James Burnside

Fri Sep 23 2022

Classifying shots in tennis using a Wearable

This article discusses a fun project I had: Creating a wearable device that could classify tennis shots. For this project I just looked at classifying forehands and backhands. Check out a commercialized video of the project below to see it in action!

Device Used

I used MbientLab's MetaWear CPro - an IMU unit that could stream gyroscope, accelerometer, and magnetometer data over bluetooth. It also had a built-in battery and a micro-USB port for charging.

Note: IMU stands for inertial measurement unit. It is a combination of sensors that measure acceleration, angular velocity, and magnetic field. Most smartwatches all have this capability.

Collecting Training Data

The data collected was the raw gyroscope, accelerometer, and magnetometer against time for forehands and backhands. I collected the data one night from my local tennis club. I had players wear the IMU band while I streamed the data to a laptop. I had them hit 10 forehands and backhands and manually clicked to record and classify the shot while they were playing.

Analyzing the collected data

First, to ensure data collected was consistent, the data being streamed off the device was measured for packet loss. The operating sample rates for the MetaWear CPro were 1600Hz (accelerometer), 1600Hz (gyroscope) and 25Hz (magnetometer) and found to have a packet loss of ~4% over bluetooth - which was minor enough at such high operating frequencies to continue.

Table showing packet loss when collecting data
Figure 1: Collected training data

Next, I wanted to see how the data looked when plotted. Here is the accelerometer, gyroscope, and magnetometer data of a rally plotted against time.

Graph showing raw accelerometer, gyroscope, and magnetometer data against time from a tennis rally
Figure 2: Data from one rally

Smoothing noisy data

The data was noisy, so I compared some common smoothing algorithms to see what results I could get.

Diagram showing the effect of different smoothing algorithms
Figure 3: Smoothing collecting data

Ultimately the Savitzky-Golay filter gave the most pronounced signal-to-noise ratio while not over-smoothing the data, so I applied that to the data going forward for the rest of the project.

Shot Detection

The first step in shot recognition was to detect what was a "shot" from the IMU data, i.e. what window of data corresponded to a forehand or a backhand vs the player simply running around. My goal was to write an algorithm that would detect 100% of shots (including false positives), then filter the false positives. After a few explorations of the data, I found that the accelerometer data was the most useful for detecting when in a rally a shot was occuring due to the distinct peaks and shape of the data and to the following hypothesis:

"When a shot occurs there is a distinct spike in accelerometer data in each x,y,z dimension. This spike is consistently larger than at other points within the rally. Therefore, a potential shot occurs when the magnitude of the accelerometer data exceeds a threshold β1. Shot intervals are defined as the ω-temporal window between the two minima values below a threshold β2 surrounding this spike. ω must exceed a given threshold for the window of data to be classed as a potential shot."
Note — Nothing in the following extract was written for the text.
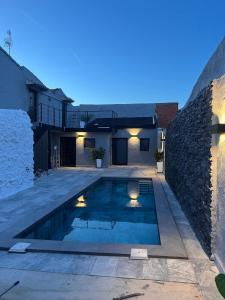 a swimming pool in the backyard of a house at La Casa Los Patios in Mahora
Diagram showing an analysis to detect an optimized shot temporal window.
Figure 4: Detection Algorithm with β1 = 3 (green) and β2 = 1 (magenta). Red dots indicate beginning and end points of the temporal window detected.

Ultimately, as this was a personal project, I didn't have a wealth of data to train a universal model on. So I settled with (over-classified) β and ω values that satisified my data well - and most importantly, performed well when I used this device for my own shot detection.

Shot Classification

After being able to detect a shot, the next step was to classify the shot as a forehand or a backhand. To classify I would compare the test data to the training data and produce a likelihood of the shot being a forehand or a backhand. However, using a distance metric like Euclidean distance would not be able to cope with the fact that forehands and backhands can be hit at very different speeds.

Creating a comparison between two shots

To compare shots I used a Dynamic Time Warping (DTW) algorithm. This allows "measuring the similarity between two temporarl sequences which may vary in speed" - perfect for measuring forehand/backhand data collected over time where the speed of the shot might have varied.

To visualize the DTW algorithm, to the left is the two temporal sequences being compared (x-axis of a forehand swing over time), and to the right is the cost matrix from the DTW algorithm and the lowest-cost path chosen.

Diagram showing the DTW algorithm cost matrix for two shots
Figure 5: DTW Algorithm analysis

Using DTW's lowest-cost path we can map each index of the two sequences to each other. We can then calculate the distance between them to produce a cost metric. Here is a visual representation of applyting the lowest-cost path from the DTW algorithm to the two shots:

Diagram showing the matching between two temporal sequences using DTW algorithm.
Figure 6: The matching between two forehands in temporal space using the results from the DTW algorithm

Building the classifier

The final step was to train a modal to use the output from the DTW algorithm to classify a shot as a forehand or a backhand. For this I used a K-Nearest Neighbors (KNN) algorithm on the output cost from each axis (x,y,z) of a shot to the training data. I used a repeated sub-sampling cross-validation method to test the accuracy of the model with decent results:

Table showing classification results for forehands.
Figure 7: Classification Results

This performed incredibly well. However, as each shot was being compared to ~115 shots in each x,y,z axis, this took a long time per shot - ~13 seconds per shot running on a late 2014 Macbook Pro with dual-core i5. There are certainly many areas of improvement here, but for the purposes of this project I was happy with the results.

Shot Reconstruction

As an extended goal of this project, I decided to see if I could reconstruct a shot in a 3D space (which you can see a teaser of in the commerical video). This would allow players to see their shot in action in a virtual environment for analysis, or just for fun. I also wanted to explore potentially estimating features like shot path, shot speed and ball spin. Noise and drift from the IMU was the toughest challenge in this. However, that is a topic for another article! 😉

Lookback

This project was done in 2016. I was a student at the time and had a lot of fun with it. I learned a lot about analyzing raw data and how to use it in a real-world application. Ultimately machine learning has come a long way since then and tools like TensorFlow and PyTorch have made it much easier to build and deploy machine learning models. I would love to revisit this project someday with a bigger dataset, more knowledge in data analysis and the wealth of machine learning tools to see how it could be improved and far it could be pushed.